How far down the path into domain specific languages do you think programmers should be walking? Is the growing popularity of writing a DSL for everything going too far?

Bob: I'm a deep believer in domain-specific languages, but I think researchers should be leading the way through this particular minefield, not application programmers. Application programmers have far more pressing tasks than inventing languages.

Language design should be done by skilled and knowledgeable language designers. The big problem is that today's language designers don't care about / aren't interested in, applications, so they're unlikely to help us out in the near term.

I do think, however, that in the ancient past, when COBOL and Fortran (which are the original domain-specific languages) were in full flower, we understood the role of languages vs. applications better. You may wonder why COBOL, for example, has survived all this time when almost everyone says it's a very bad language. It's because it has business-domain-specific capabilities that today's languages still don't offer, like decimal arithmetic and heterogeneous data/file manipulation. I think one should start with the dominant domains, then figure out what language features they need, rather than start with neat language features or compiler tweaks, and see who they should be good for

Many people today are making languages decisions emotionally instead of rationally, this even extends into language advocacy. Do you see this a new development? What would you recommend as an antidote?

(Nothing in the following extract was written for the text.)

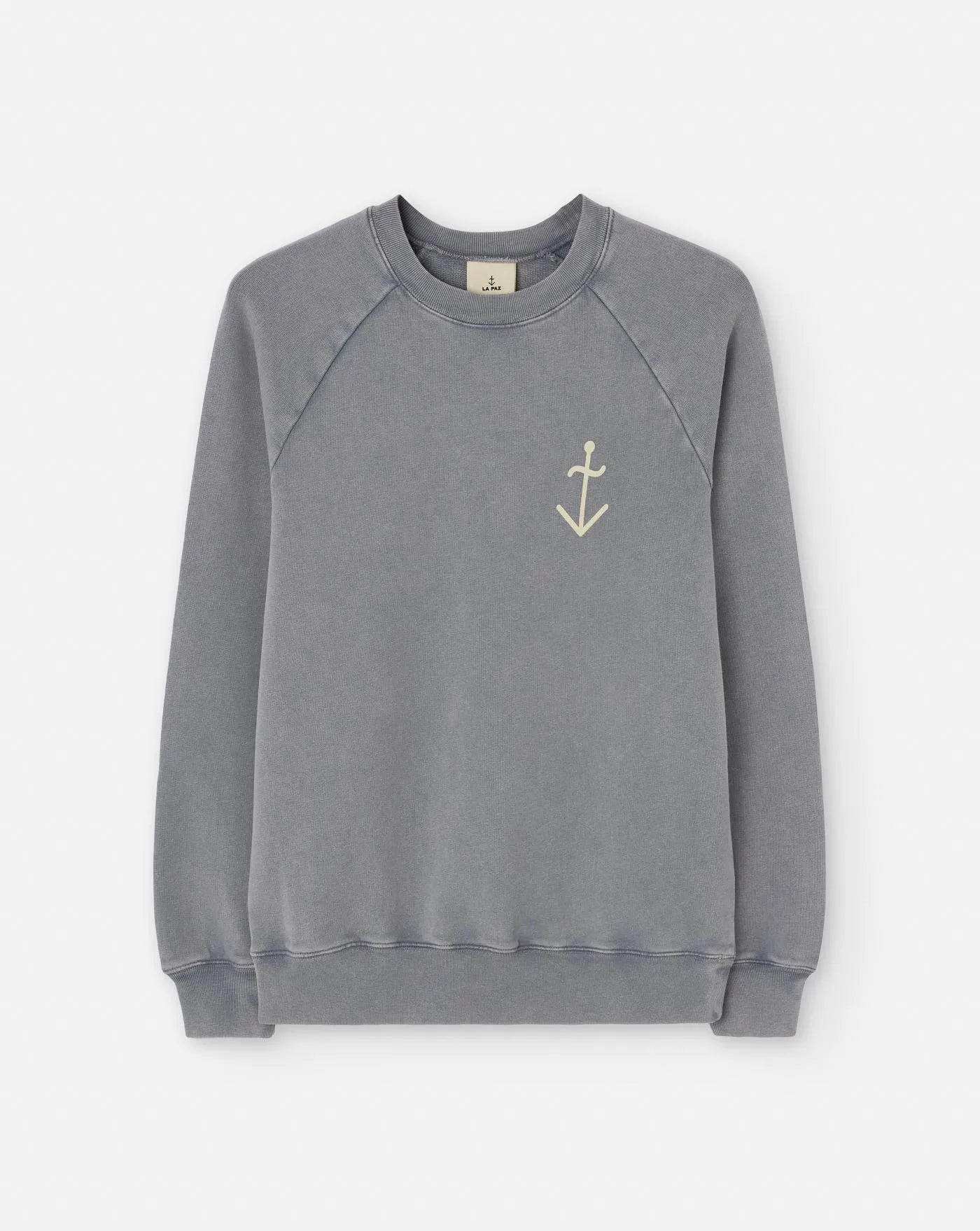 Sudadera La Paz Basic SS25008021060 SMOKED PEARL+PALE YELLOW LA PAZ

Bob: This is all part of something I call "local loyalties," where we choose up sides on some issue. It's a natural tendency, now and forever. Examples are not just choosing a programming language, but choosing an operating system, or Microsoft vs. Open Source, or Ford vs. Chevy, or (in my time) IBM vs. the "Seven Dwarfs" (IBM's relatively powerless competitors of the time). I can remember, in one of the first books I wrote, being asked by a reviewer to choose to create an example using "a text editor I loved" (I responded that I didn't love text editors, I considered them tools). Obviously, that reviewer expected me to have a local loyalty for a text editor.

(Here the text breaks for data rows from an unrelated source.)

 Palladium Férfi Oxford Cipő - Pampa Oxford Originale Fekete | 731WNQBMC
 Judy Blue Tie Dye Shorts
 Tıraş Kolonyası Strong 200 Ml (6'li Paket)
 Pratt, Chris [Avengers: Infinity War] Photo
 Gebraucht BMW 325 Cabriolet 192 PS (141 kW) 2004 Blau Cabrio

What should we be doing instead? Ideally, we'd choose a programming language because it was best suited for the problem we needed to solve, or to the organization in which we work. The latter makes for an easy decision; the former is hard, because researchers have done a poor job of linking tools/methods/languages to problems.

Books

It looks like there's a growing (renewed) interest in Software Conflict and Software Creativity. Why do you think that is?

Bob: I'm uncomfortable with questions that ask me, in some sense, to brag! But what the heck ... I think these books are going well because

  1. They contain a sense of timeless relevance.
  2. They're fun reading.
  3. They provide honest insights, calling a spade a spade.

Why do you think a novice or journeyman programmer should pick up your books? What will he learn from them?

Bob: Novices? They provide a 5000 foot altitude view of the field that many other books, down at ground level, don't provide.

Journeymen? They provide a sense of "this author has been-there, done-that" relevance that resonates with them.

What books (technical or not) are on your list to read right now?

Bob: Since i live in Australia now, I'm reading quite a number of books about my new country. Peter Dornan's books on Australian participation in World War II are great non-fiction action books. That's what's on my reading table right now.

1 comment:

Anonymous said...

COBOL had decimal arithmetic, just because the 360 (and most business mainframes) had BCD hardware. The shock of COBOL-ers, trying to port to other kinds of machines, who have to give it up for integer arithmetic is heartwarming.